CERLIS Conference Knowledge Transfer and Knowledge Exchange in Academia

Murillo Ornat, Silvia:Reformulation processes in European project websites: an exploratory study”

Abstract

Nowadays, most international projects have an associated website, which is potentially used as a means to disseminate the results of their research and to enhance the academic projection of the participating scholars and institutions. These websites usually include several sections with common headings/ links (About us, Objectives, etc.) and, in order to write their contents, some constant assumptions must be made about the readers’ background knowledge and processing resources. We can find traces of such assumptions in reformulation processes, for instance in definitions of technical terminology, or in simple explanations or paraphrases of previous statements (Blakemore 1993, Hyland 2007).

Thus, the aim of this presentation is to explore the role that reformulation plays in the text included in international project websites. In order to do this, I will provide a qualitative analysis of 20 websites of European projects (funded by the Horizon 2020 research programme), which form part of the materials for a pilot study on digital genres carried out by the InterGedi research group at the University of Zaragoza. I will focus specifically on the sections of the websites that are used to state the aim of the project and describe their main activities. Both marked (by reformulation markers, metalinguistic expressions, and punctuation signs such as parentheses), and unmarked reformulations (for instance, paraphrases) will be considered.
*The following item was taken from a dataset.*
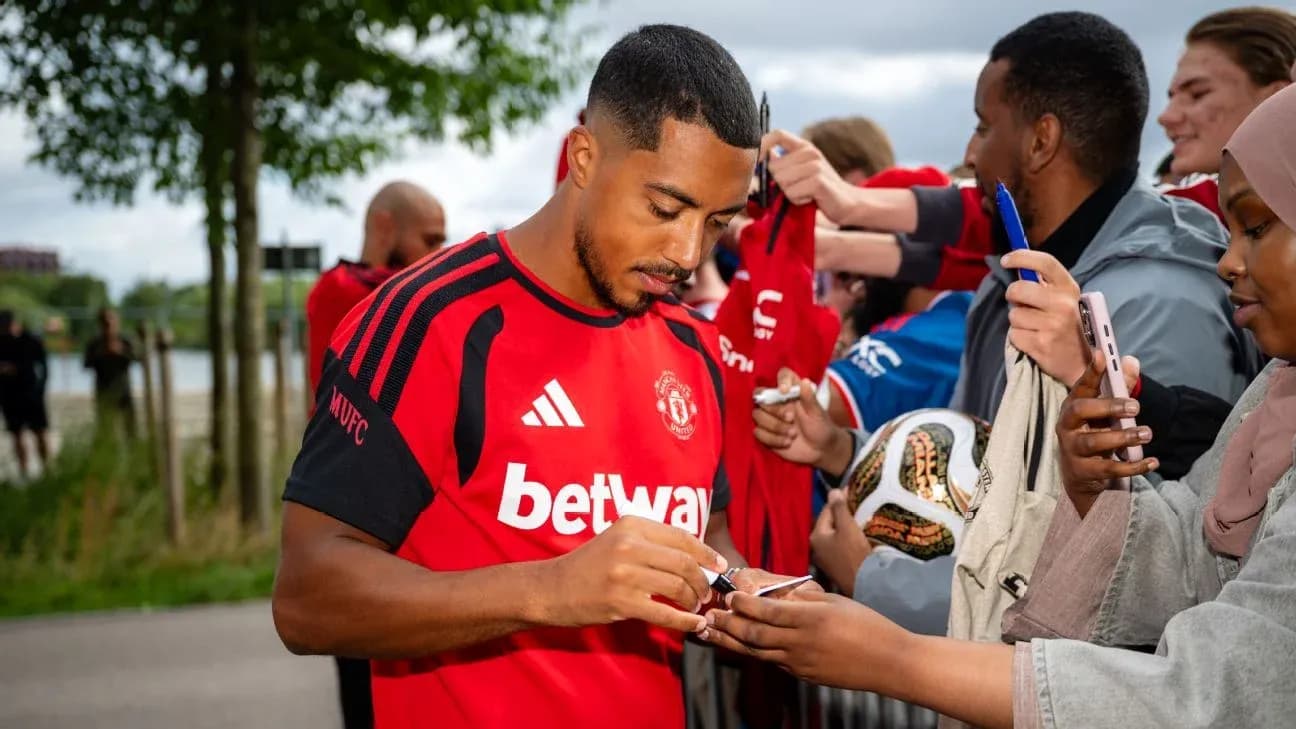 Player signing autographs for fans at event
In order to analyse marked reformulations and to identify -and analyse- unmarked reformulations, I will take as a reference the different discourse processes introduced by reformulation markers in academic texts, mainly, identification, specification, explanation/illustration, definition and denomination (Murillo 2012).

From this analysis, some preliminary insights can be gained into the target readership of the analysed sections of the websites (i.e., the general public, scholars in the field, scholars not necessarily working in the same field, etc.).